Adesso, a 40 anni, Tezel esordisce nella regia con quello che può, dopo varie peripezie, essere definito un feel good movie. Kira e Ian sono due persone un po’ allo sbando. Lei ha messo fine a una reazione turbolenta, pentendosene un attimo dopo, ha velleità artistiche (dipinge e fa la scenografa a teatro) ma non ha ancora trovato nessuno davvero in grado di valorizzarla. Anche Ian (Chris Fulton, scozzese di nascita) ha velleità artistiche, è un musicista, anche lui ha storie non esattamente esaltanti alle spalle, ma il suo vero vulnus è la sorella depressa che ha più volte tentato di farla finita. Ian, che pure la adora, anzi forse proprio perché la adora, non riesce a farsi vivo, a starle accanto e questo gli provoca un forte disagio, un senso di colpa che si ripercuote più in generale nei rapporti con i genitori, che appunto vivono a Skye.
In una notte buia e tempestosa…no, in una notte solo buia Ian e Kira si incontrano, camminano, scherzano, bevono, ballano, intuiscono le fragilità dell’altro, ma poi ognuno finisce per andare per la propria strada, che guarda caso è la stessa, ovvero la città dove abitualmente abitano (manco questo si erano detti), ovvero Londra.

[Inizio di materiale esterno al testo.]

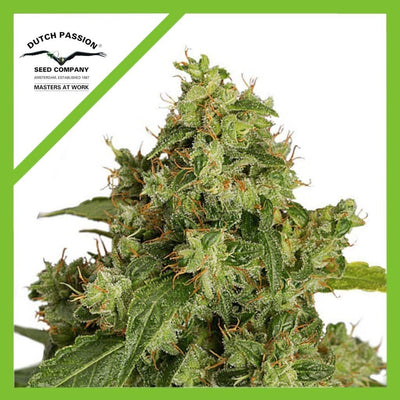 XTREME AUTO X3-DUTCH PASSION (DS)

Diciamo che una settantina dei 110 minuti del film è costruita in montaggio parallelo: tutto quello che fa lei, tutto quello che fa lui, ciascuno a modo suo migliora, con le sue forze, la propria condizione, in qualche misura cresce. Lei comincia ad avere successo in campo professionale e, almeno in parte, si libera dei fantasmi del passato; anche lui si libera di un rapporto che non lo porta da nessuna parte e, soprattutto, riallaccia i rapporti con la sorella. Tutto un pochino meccanico, ma va bene, anche perché Tezel è brava, inserendo piccoli flash e dimostrando una regia tutto sommato piuttosto mobile e matura, a non scadere nella simmetria perfetta. Allo spettatore, però, è chiaro fin da subito che il montaggio parallelo è in realtà un montaggio alternato, che a un certo punto le due linee non potranno non tornare ad intrecciarsi, troppo forti erano le potenzialità di quella relazione solo accennata fra questi due individui belli e fragili. Il modo in cui i due tornano a incontrarsi non convince del tutto, ovvero, come dicono i telecronisti di calcio, è tutto un po’ troppo telefonato, finendo per obbedire a una drammaturgia del caso che non risulta troppo persuasiva. Quando Ian compare “casualmente” nella galleria dove si sta per inaugurare la mostra di Kira e vede se stesso dipinto alla parete, viene un po’ da alzare il sopracciglio, anche se poi il commento della gallerista : “It is time you showed up” (“Era l’ora che ti facessi vedere”), sembra proprio un’allusione al fatto che, anche agli occhi della regista, questa storia parallela era giusto che finisse.
Ma il nuovo incontro fra i due è bello romantico, persino il grigiore londinese cede il passo a uno splendido sole e, come si conviene, a due innamorati da City Lights in avanti, lasciamo i personaggi per strada che vanno incontro a un futuro radioso. Per chi non lo sapesse: l’espressione “falling into place” significa “andare a posto”, è quello che appunto succede alla fine, anche se il “place” del titolo è con certezza l’isola che rende magico l’incontro fra i due.
Falling Into Place – Regia, sceneggiatura: Aylin Tezel; fotografia: Julian Krubasik; montaggio: David J. Achilles; interpreti: Aylin Tezel (Kira), Chris Fulton (Ian), Rory Fleck-Byrne (Aidan), Juliet Cowan (Sara); produzione: Weydemann Bros; origine: Germania/ Regno Unito, 2023; durata: 113 minuti.